→ Activity
Leaving the pictures aside, reproduce the data in full and word for word.

→ Data section
----------------

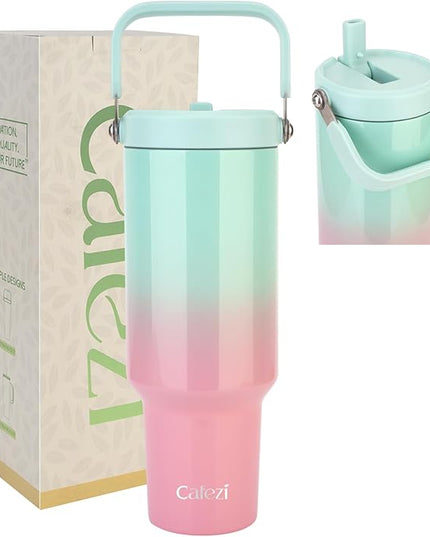 40 oz Insulated Tumbler with Top Handle and Flip Straw, Vacuum Insulated Stainless Steel Cup, Sweat-Free, Fits Cup Holder, Keeps Drinks Cold up to 30 Hours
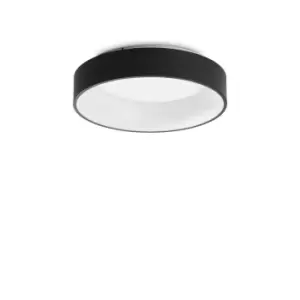 Image of ZIGGY Round 45cm Integrated LED Semi Flush Light Black, 3000K, Non-Dim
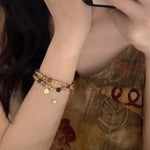 Load image into Gallery viewer, Double-Layer Crystal Pearl Beaded Bracelet For Women Light Luxury Retro Stacking Bracelets, Ins Niche Design Hand Jewelry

----------------

→ Answer to the exercise
 40 oz Insulated Tumbler with Top Handle and Flip Straw, Vacuum Insulated Stainless Steel Cup, Sweat-Free, Fits Cup Holder, Keeps Drinks Cold up to 30 Hours
 Image of ZIGGY Round 45cm Integrated LED Semi Flush Light Black, 3000K, Non-Dim
 Load image into Gallery viewer, Double-Layer Crystal Pearl Beaded Bracelet For Women Light Luxury Retro Stacking Bracelets, Ins Niche Design Hand Jewelry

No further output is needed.